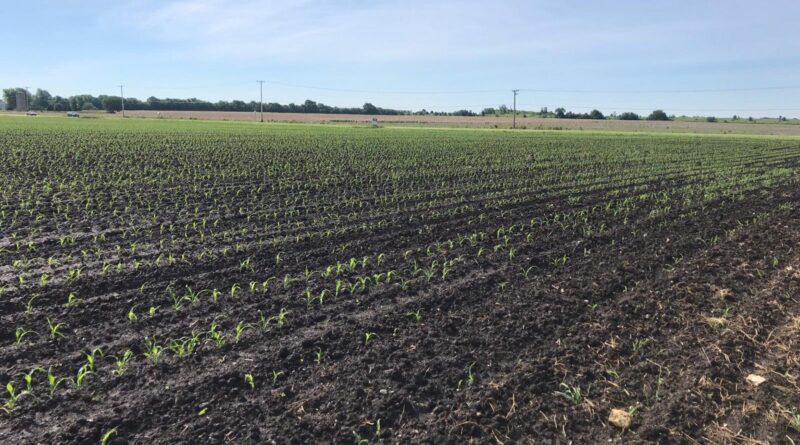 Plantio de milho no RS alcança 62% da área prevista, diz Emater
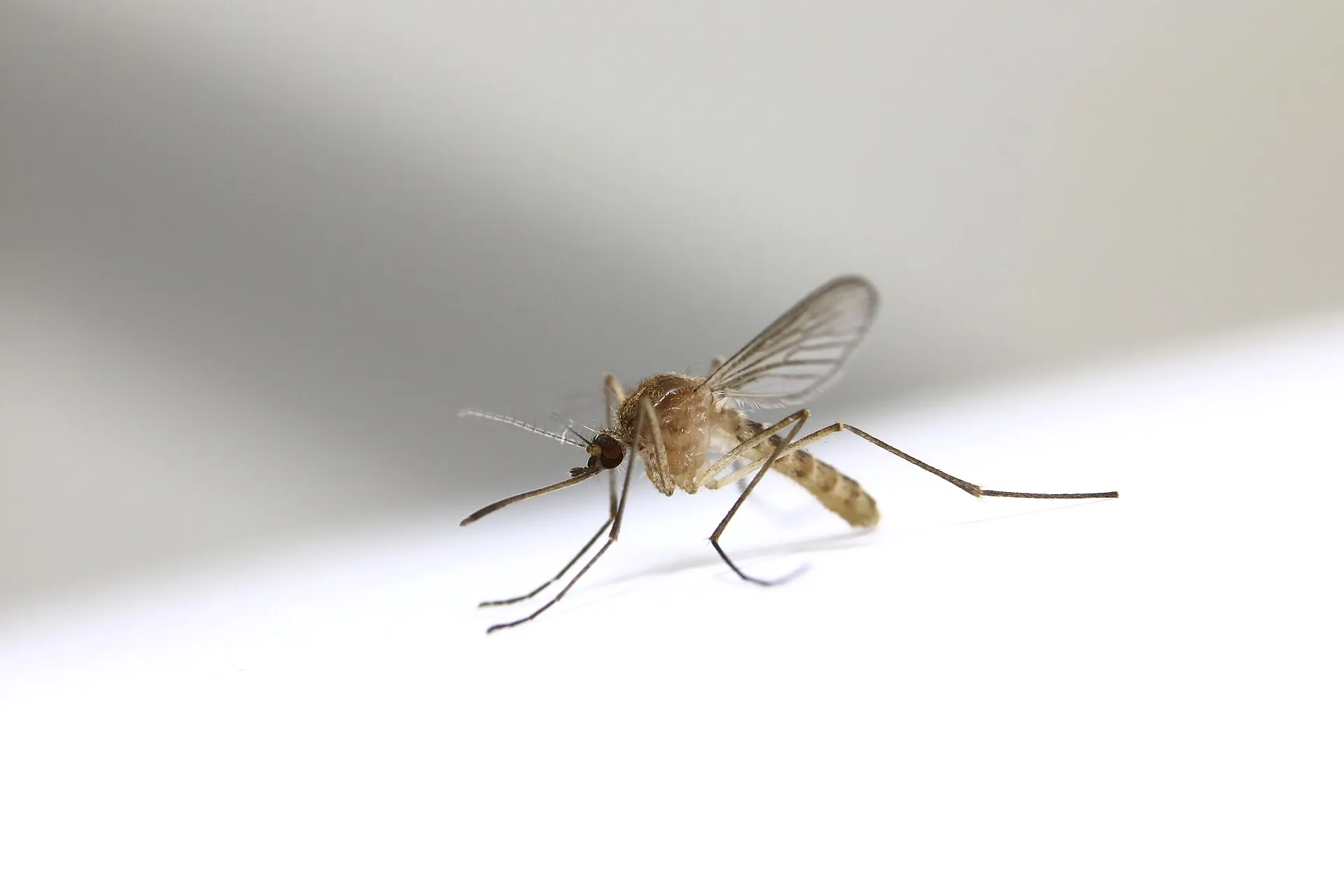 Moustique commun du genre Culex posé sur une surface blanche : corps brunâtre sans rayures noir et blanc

——————————

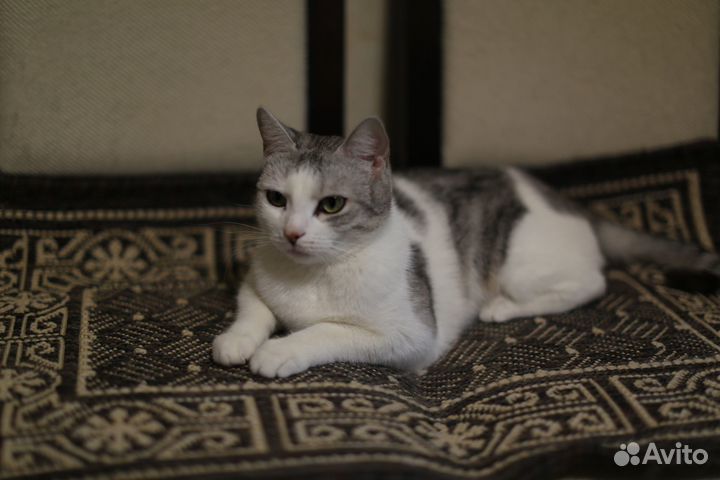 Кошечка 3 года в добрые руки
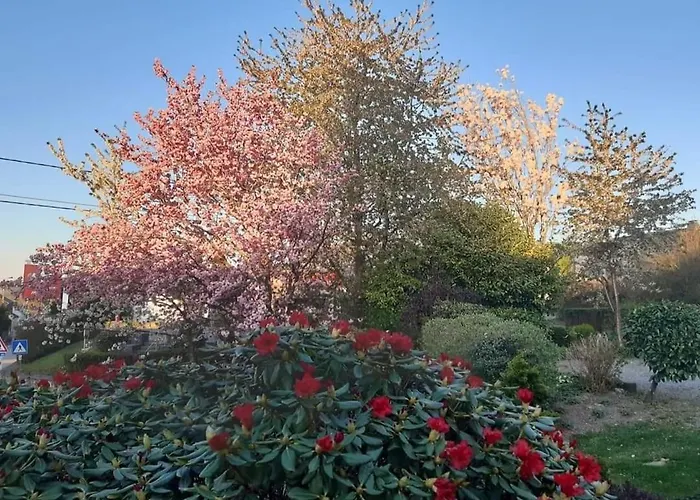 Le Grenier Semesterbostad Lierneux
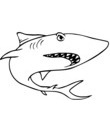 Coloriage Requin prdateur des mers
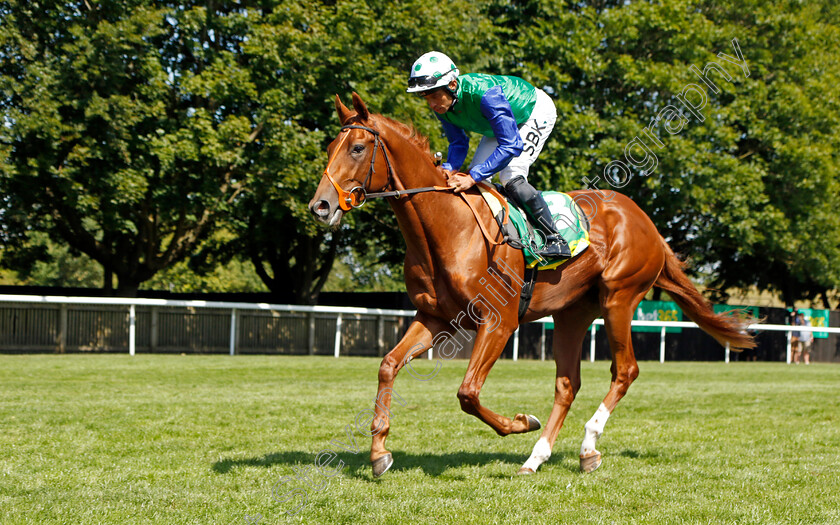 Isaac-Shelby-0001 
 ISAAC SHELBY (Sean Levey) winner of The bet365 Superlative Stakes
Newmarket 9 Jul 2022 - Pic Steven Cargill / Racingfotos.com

——————————

Set the pictures aside and reproduce exactly the lines above, from the line holding "Le Grenier Semesterbostad Lierneux" through the line holding "Newmarket 9 Jul", both included, with nothing else.

# Answer space:
 Le Grenier Semesterbostad Lierneux
 Coloriage Requin prdateur des mers
 Isaac-Shelby-0001 
 ISAAC SHELBY (Sean Levey) winner of The bet365 Superlative Stakes
Newmarket 9 Jul 2022 - Pic Steven Cargill / Racingfotos.com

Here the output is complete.